Their plan is to let me get convicted. They’re not going to help me.

“Bex.”

I’m not a traitor. But I can do this. I can talk about Lucy and keep Mark out of it. I don’t have to talk about Mark to answer Joan’s questions about Lucy. Maybe if I have an alibi it will be enough. They’ll have to let me go and stop trying to make me talk about Mark.

I nod.

Joan makes me go through every day — by calls, texts, e-mails, and the absence of them. Where I was, for how long, and did anyone see Lucy and me. I have to talk about Lucy, so I do, but I don’t say anything she doesn’t already know about Mark.

“Now,” Joan says, stretching. We’ve been at this forever. The closer we get to the end, the more my stomach twists and my head aches. And the more I need to stay focused. Nothing about Mark. “Friday, a week before the arrests, you texted with Lucy earlier in the day about picking you up that night.
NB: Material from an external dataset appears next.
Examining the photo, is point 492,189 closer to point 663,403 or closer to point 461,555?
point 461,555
She sends you a text asking when you’ll be done, and then nothing until the next day.”

Cammie and Karen at the station, Lucy showing up, and dinner at Lucy’s grandparents’ house. Home.

Joan makes more notes. Then she reads the list of texts and calls.
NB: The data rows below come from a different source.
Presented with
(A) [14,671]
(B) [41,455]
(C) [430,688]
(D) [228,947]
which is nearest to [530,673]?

“The texts and calls slow down after Friday.” She flips back and forth. “A lot. What happened Friday?”

My face flames hottest yet.

“Why did the texts and calls slow?” Joan asks, swallowing the smile.

“Lucy started asking questions, about training. It didn’t go over well.”
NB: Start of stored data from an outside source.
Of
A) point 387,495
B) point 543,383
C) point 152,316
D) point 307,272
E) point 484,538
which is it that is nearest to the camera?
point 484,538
“Did you tell her about training? About Clearview or . . . ?”

“I downplayed it,” I admit. “A lot.”

Joan doesn’t judge me. Much. She writes some more notes.

“Tell me about Tuesday. Four days before the arrests.”

“We texted some.”

“Yeah, I can see that. But what else?”

I shrug. I try to keep my face blank. Mark, at the house. Those guys and the cooler.

“Whatever you can remember.”

I’m not a traitor. “I . . . went to work, probably. I think. I don’t remember.”

“Think.”

I pretend to try to remember. “I don’t remember. I mean, I know I went to work. I probably rode home from work with Uncle Skip, had some dinner . . . and . . . went to bed.”

“That’s it?”

“Um . . .” I pretend to think again. “Yeah, I think so.”

She stares. I wait. Keep my face blank. Hold still. She makes a slash on the side of her legal pad, a violent, vicious slash.

Shit. She knows something. But I can’t talk about Tuesday, about Mark and them at the house. Mark’s crazy eyes, jumping down from the porch. Mark in prison. Adult prison. I can’t.

“What about Wednesday?” she asks, her voice tight.

“I worked all day. Saw Lucy that night.” Stay calm. Be cool. “She picked me up. At the station.”

“Anyone see her pick you up?”

“I don’t know.”

“How long were you out with her? Where did you go?”

“Not long. We had a fight,” I say, nodding at her look, “before we could go anywhere. She took me home.”

“She dropped you off at the house? What time?” Joan’s voice sounds weird. I look up at her; something prickles at my neck.

I start to shrug and then feel it more. Fight. I have to fight, because there is no flight. This is important. But I need to be careful. Maybe I can say what I need to say without saying anything about Mark. I sit up, try to think. “I don’t know. Maybe seven? Seven thirty?”

“Was anyone home? Anyone who can verify what time you got home? Did you go anywhere where people might have seen you? Bex,” Joan says, “I need you to focus here. Where
exactly
did you go? Would anyone have seen you between five thirty and when you got home?”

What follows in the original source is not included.